Once upon a time, self-serve gas stations were a novelty, and it wasn’t unreasonable to think that allowing untrained consumers to pump their own gasoline might pose a safety threat. But drivers got used to operating the pumps, fuel-dispensing technology improved, gas-station owners welcomed the savings — and self-serve stations grew enormously popular. In only two states, New Jersey and Oregon, are motorists still prohibited by law from pumping gasoline, an eccentric prohibition that has irritated many visitors driving through those states.
In Massachusetts, self-service gas stations have long been the norm — except in a handful of communities where it is still illegal for motorists to pump their own gas. Among those communities is Arlington, which banned self-service in 1975. One Arlington Town Meeting member, Carl Wagner, thinks 38 years of this no-choice policy are enough, and he is urging town officials to overturn it.
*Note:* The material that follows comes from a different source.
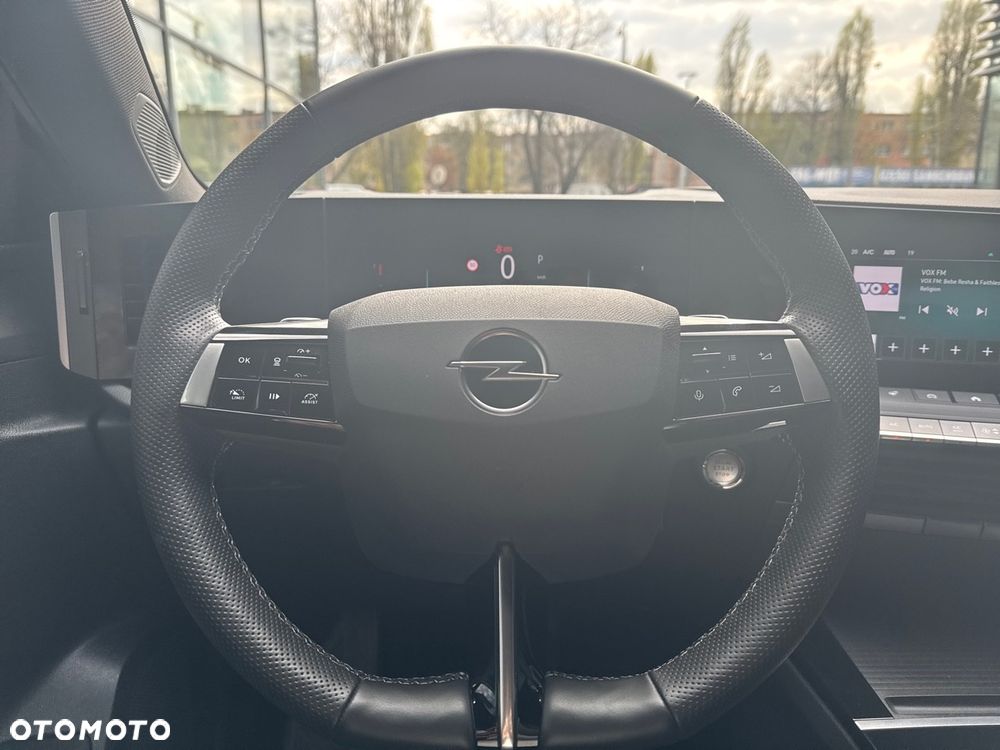 Opel Astra 1.2 T GS S&S - 14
It’s hard to see any reasonable objection to such a common-sense fix, nor any reason why Milford, Upton, and Weymouth (the other full-serve-only holdouts) shouldn’t follow suit. No one is talking about mandating self-serve pumping. Gas station owners should simply have the freedom to offer self-serve, full-serve, or both, and to base that decision on what their customers want. Some motorists like having someone else “fill ’er up,” while they stay put. Others would rather jump out of the car, swipe their card, and do it themselves. There’s no reason the law needs to take sides.